Exercise prompt
Down to the last line, set down the listing below exactly, apart from its pictures.

Source material
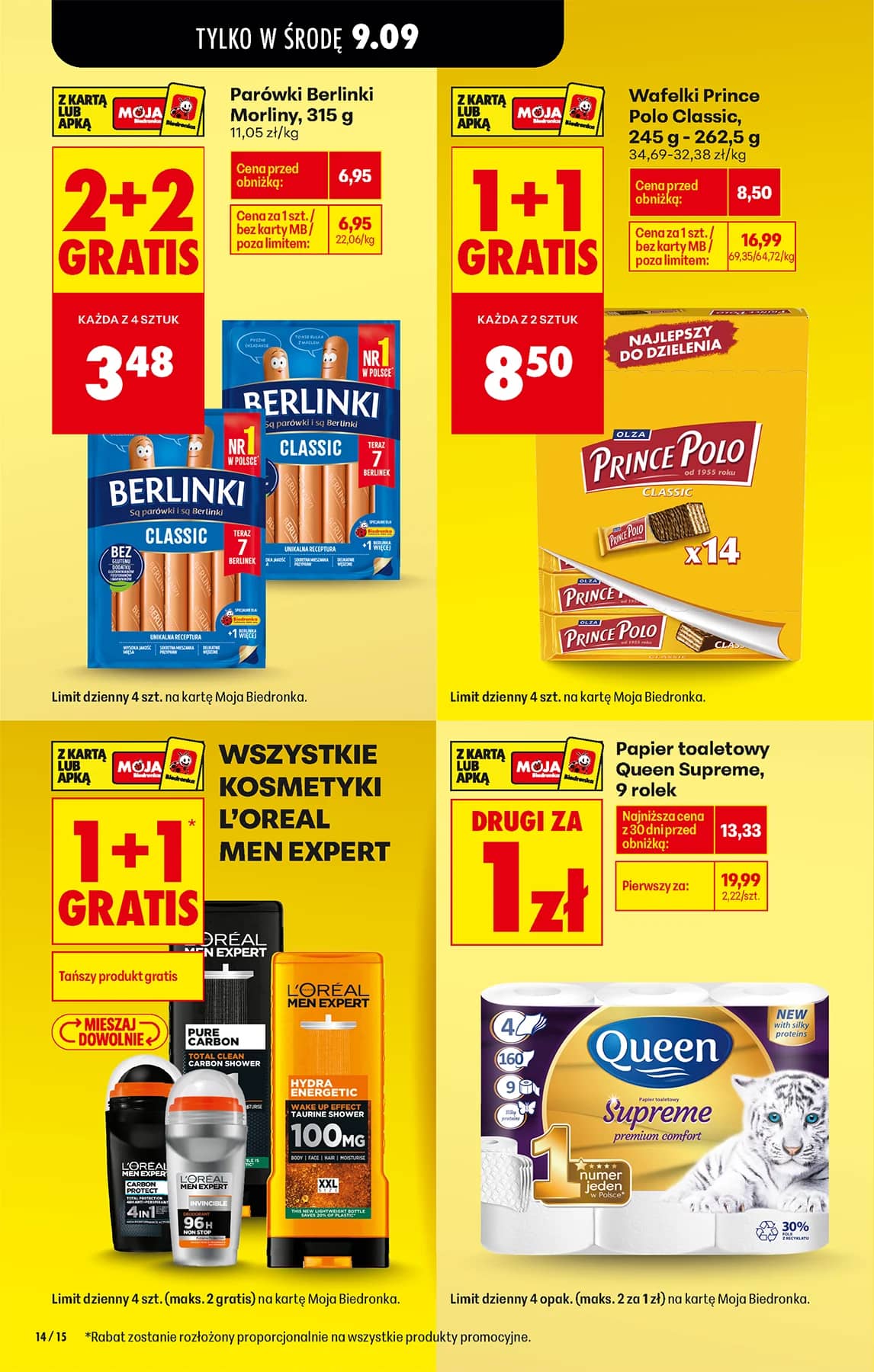 Biedronka - Codziennie niskie ceny P - oferta od 07.09 30 puslapis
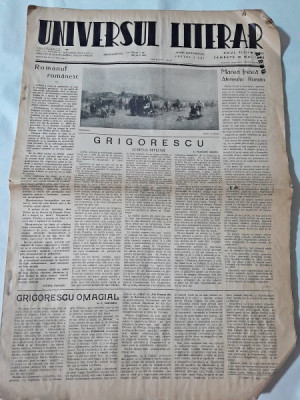 Ziarul Universul Literar nr.15/1938 (Prima pagina articole despre Grigorescu) foto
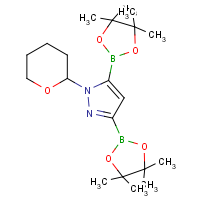 CAS: 1256360-29-8 | OR361635 | 1-(Tetrahydro-2H-pyran-2-yl)-1H-pyrazole-3,5-diboronic acid, pinacol ester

Result of the exercise
 Biedronka - Codziennie niskie ceny P - oferta od 07.09 30 puslapis
 Ziarul Universul Literar nr.15/1938 (Prima pagina articole despre Grigorescu) foto
 CAS: 1256360-29-8 | OR361635 | 1-(Tetrahydro-2H-pyran-2-yl)-1H-pyrazole-3,5-diboronic acid, pinacol ester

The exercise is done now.